Manage HugePages

Configure and manage huge pages as a schedulable resource in a cluster.

FEATURE STATE: Kubernetes v1.14 [stable] (enabled by default: true)

Kubernetes supports the allocation and consumption of pre-allocated huge pages by applications in a Pod. This page describes how users can consume huge pages.

Before you begin

Kubernetes nodes must pre-allocate huge pages in order for the node to report its huge page capacity.
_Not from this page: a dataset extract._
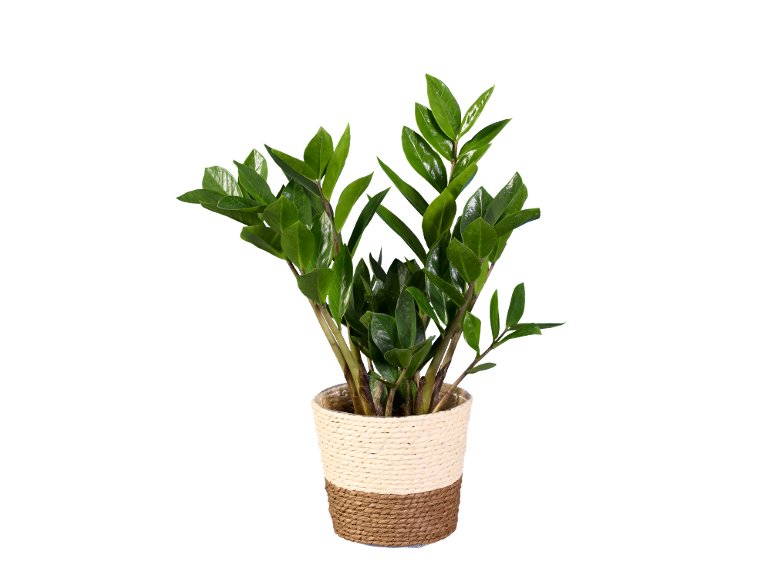 Zamioculcas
A node can pre-allocate huge pages for multiple sizes, for instance, the following line in /etc/default/grub allocates 2*1GiB of 1 GiB and 512*2 MiB of 2 MiB pages:

  1. GRUB_CMDLINE_LINUX="hugepagesz=1G hugepages=2 hugepagesz=2M hugepages=512"

The nodes will automatically discover and report all huge page resources as schedulable resources.
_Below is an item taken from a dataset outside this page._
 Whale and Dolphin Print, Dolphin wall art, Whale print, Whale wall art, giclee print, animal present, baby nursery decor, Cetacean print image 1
When you describe the Node, you should see something similar to the following in the following in the Capacity and Allocatable sections:

  1. Capacity:
  2. cpu: ...
  3. ephemeral-storage: ...
  4. hugepages-1Gi: 2Gi
  5. hugepages-2Mi: 1Gi
  6. memory: ...
  7. pods: ...
  8. Allocatable:
  9. cpu: ...
  10. ephemeral-storage: ...
  11. hugepages-1Gi: 2Gi
  12. hugepages-2Mi: 1Gi
  13. memory: ...
  14. pods: ...

Note:

For dynamically allocated pages (after boot), the Kubelet needs to be restarted for the new allocations to be refrelected.

API

Huge pages can be consumed via container level resource requirements using the resource name hugepages-<size>, where <size> is the most compact binary notation using integer values supported on a particular node. For example, if a node supports 2048KiB and 1048576KiB page sizes, it will expose a schedulable resources hugepages-2Mi and hugepages-1Gi. Unlike CPU or memory, huge pages do not support overcommit. Note that when requesting hugepage resources, either memory or CPU resources must be requested as well.
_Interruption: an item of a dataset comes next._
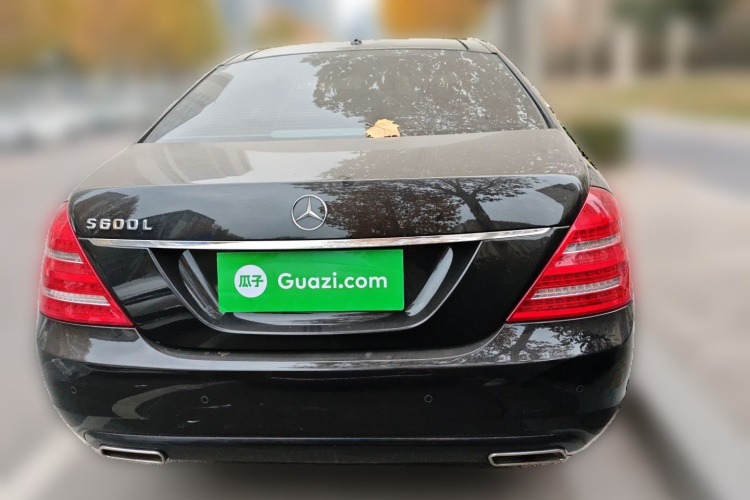 奔驰S级 2010款 S 300 L 商务型车身外观6004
A pod may consume multiple huge page sizes in a single pod spec. In this case it must use medium: HugePages-<hugepagesize> notation for all volume mounts.

  1. apiVersion: v1
  2. kind: Pod
  3. metadata:
  4. name: huge-pages-example
  5. spec:
  6. containers:
  7. - name: example
  8. image: fedora:latest
  9. command:
  10. - sleep
  11. - inf
  12. volumeMounts:
  13. - mountPath: /hugepages-2Mi
  14. name: hugepage-2mi
  15. - mountPath: /hugepages-1Gi
  16. name: hugepage-1gi
  17. resources:
  18. limits:
  19. hugepages-2Mi: 100Mi
  20. hugepages-1Gi: 2Gi
  21. memory: 100Mi
  22. requests:
  23. memory: 100Mi
  24. volumes:
  25. - name: hugepage-2mi
  26. emptyDir:
  27. medium: HugePages-2Mi
  28. - name: hugepage-1gi
  29. emptyDir:
  30. medium: HugePages-1Gi

A pod may use medium: HugePages only if it requests huge pages of one size.

  1. apiVersion: v1
  2. kind: Pod
  3. metadata:
  4. name: huge-pages-example
  5. spec:
  6. containers:
  7. - name: example
  8. image: fedora:latest
  9. command:
  10. - sleep
  11. - inf
  12. volumeMounts:
  13. - mountPath: /hugepages
  14. name: hugepage
  15. resources:
  16. limits:
  17. hugepages-2Mi: 100Mi
  18. memory: 100Mi
  19. requests:
  20. memory: 100Mi
  21. volumes:
  22. - name: hugepage
  23. emptyDir:
  24. medium: HugePages
  • Huge page requests must equal the limits. This is the default if limits are specified, but requests are not.
  • Huge pages are isolated at a container scope, so each container has own limit on their cgroup sandbox as requested in a container spec.
  • EmptyDir volumes backed by huge pages may not consume more huge page memory than the pod request.
  • Applications that consume huge pages via shmget() with SHM_HUGETLB must run with a supplemental group that matches proc/sys/vm/hugetlb_shm_group.
  • Huge page usage in a namespace is controllable via ResourceQuota similar to other compute resources like cpu or memory using the hugepages-<size> token.